Несколько таких писем попало мне в руки.
Одно из них, адресованное присяжному поверенному и написанное его братом-врачом, начиналось обращением:
«Дорогая дочурка!»
— Иван Андреич! Почему же вы оказались дочуркой собственному брату?
— Ничего не понимаю. Догадываться боюсь.
Новости сообщались в письме следующие:
«У нас все отлично. Анюта умерла от сильного аппетита…»
— Должно быть, от аппендицита, — догадалась я.
«…Вся семья Ваньковых тоже вымерла от аппетита…»
— Нет, что-то не то…
«…Петр Иваныч вот уже четыре месяца как ведет замкнутый образ жизни. Коромыслов завел замкнутый жизни уже одиннадцать месяцев тому назад. Судьба его неизвестна.
Миша Петров вел замкнутый образ жизни всего два дня, потом было неосторожное обращение с оружием, перед которым он случайно стоял. Все ужасно рады».
— Господи! Господи! Что же это такое! Ведь это не люди, а звери! Человек погиб от несчастного случая, а они радуются.
«…Заходили на твою квартиру. В ней теперь очень много воздуха…»
— Это еще что за штука? Как прикажете понять?
— Думать боюсь! Не смею догадаться!
Кончалось письмо словами:
«Пишу мало, потому что хочу вращаться в свете и не желаю вести замкнутый образ жизни».
* * *
Долго оставалась я под тяжким впечатлением, произведенным этим письмом.
— Знаете, какое горе, — говорила я знакомым. — Ведь брат-то нашего Ивана Андреича сошел с ума. Называет Ивана Андреича дочуркой и пишет такое несуразное, что даже передать стесняюсь.
Очень жалела я беднягу. Хороший был человек.
Наконец узнаю — какой-то француз предлагает отвезти письмо прямо в Петроград.

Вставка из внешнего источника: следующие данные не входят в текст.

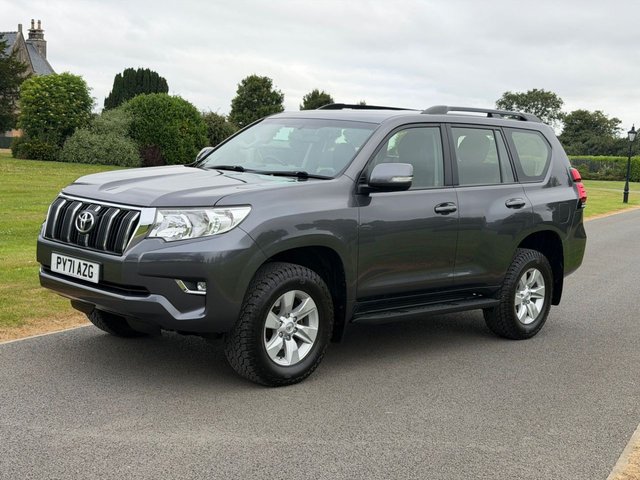 View our TOYOTA LAND CRUISER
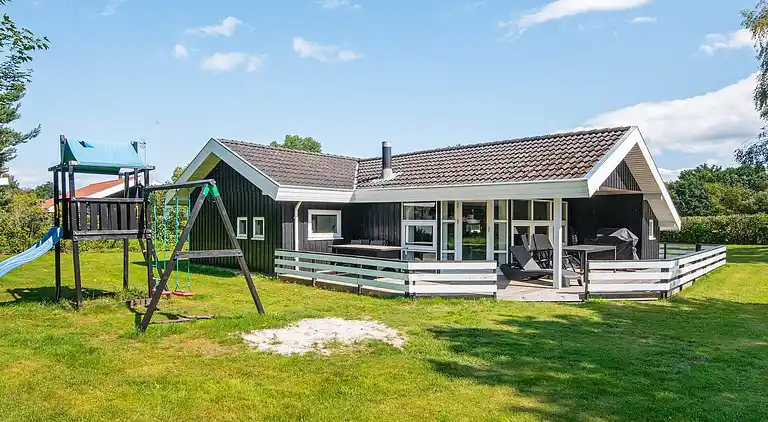 Sommerhus ved Fjellerup Strand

Иван Андреич обрадовался. Я тоже собралась приписать несколько слов — может быть, и не совсем спятил, может, что-нибудь и поймет.
Решили с Иваном Андреичем составить письмо вместе. Чтобы было просто и ясно и для потускневшего разума понятно.
Написали:
«Дорогой Володя!
Письмо твое получили. Как жаль, что у вас все так скверно. Неужели правда, будто у вас едят человеческое мясо? Этакий-то ужас! Опомнитесь! Говорят, у вас страшный процент смертности. Все это безумно нас тревожит. Мне живется хорошо. Не хватает только вас, и тогда было бы совсем чудесно. Я женился на француженке и очень счастлив.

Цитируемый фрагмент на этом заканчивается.